At the same time, Brighton fans had to watch the Eagles soaring high at the end of the 1980s and early 90s, thanks to an excellent team put together on the cheap by manager Steve Coppell. These times too gave birth to a rivalry closer to home, as Charlton Athletic became tenants at Selhurst Park from the mid-80s onwards.
That rivalry, though, is one that many Palace fans see as being unrequited, for they claim to have no interest in the team that took great delight in relegating them from the Premier League in 2005, as belated revenge for what Charlton fans perceive as bad treatment during their tenancy, in their days of exile from The Valley.
Embed from Getty ImagesFor Palace the real rivalry of recent decades has always been Brighton, and this was the one greeted with most enthusiasm when seasons 2011-13 brought the three parts of this London triangle into the same division. For one year, 2012-13, the three clubs battled together in the Championship, with Palace and Brighton at the opposite end to struggling neighbours Charlton. Palace, at one point, looked odds-on for promotion but slipped down the table and into the play-offs alongside Brighton, Watford and Leicester City who all seemed more likely victors in the end. Palace on the slide had far worse form in the closing weeks of the season than even Charlton who had risen from just outside the relegation zone to a respectable ninth placed finish under the management of former Palace player Chris Powell. Palace were to surprise everyone thanks to the goals of teenage striker Wilfried Zaha in a semi-final victory over Brighton that was inspired by the antics of a shadowy figure amongst the Seagulls’ flock.
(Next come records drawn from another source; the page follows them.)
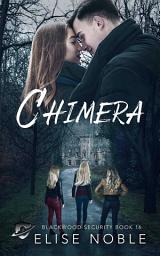Icon image Chimera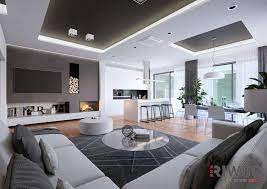 casetta 3 traumhaft schone designervilla mit pool in istrien tolle lage im magischen wald 13 haus innenarchitektur wohnzimmer gestalten innenarchitektur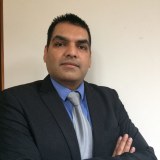 Mayank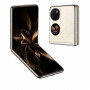 Huawei P50 Pocket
Somebody, on the night of the Championship play-off semi-final, hatched a very bad plan to enter the away dressing room and defecate on the floor. Rumour has it they even smeared the walls. The Eagles reacted with fury, going out and claiming victory at Brighton’s spanking new Amex Stadium, and sparking a series of events that would result in the departure of Seagulls’ boss Gus Poyet. To this day, the exact circumstances of his departure remain a mystery, as does the identity of the guilty seagull.
Crystal Palace, on the other hand, managed to put the mess behind them very quickly. A few weeks later, in a game billed as a £120million battle, they defeated outer London opponents Watford in the play-off final at Wembley thanks to a goal in extra time from veteran striker Kevin Phillips.
From there on, with a few changes in management, the Eagles have soared up to their present lofty heights in the Premiership, and the Seagulls too are recovering the form that was lost in the days after what became known as ‘Shitgate’. There’s a chance then that in the year ahead we’ll see football’s strangest rivalry, the M23 derby, renewed in the Premier League – a very long way from teacups at twenty paces back in the 1970s.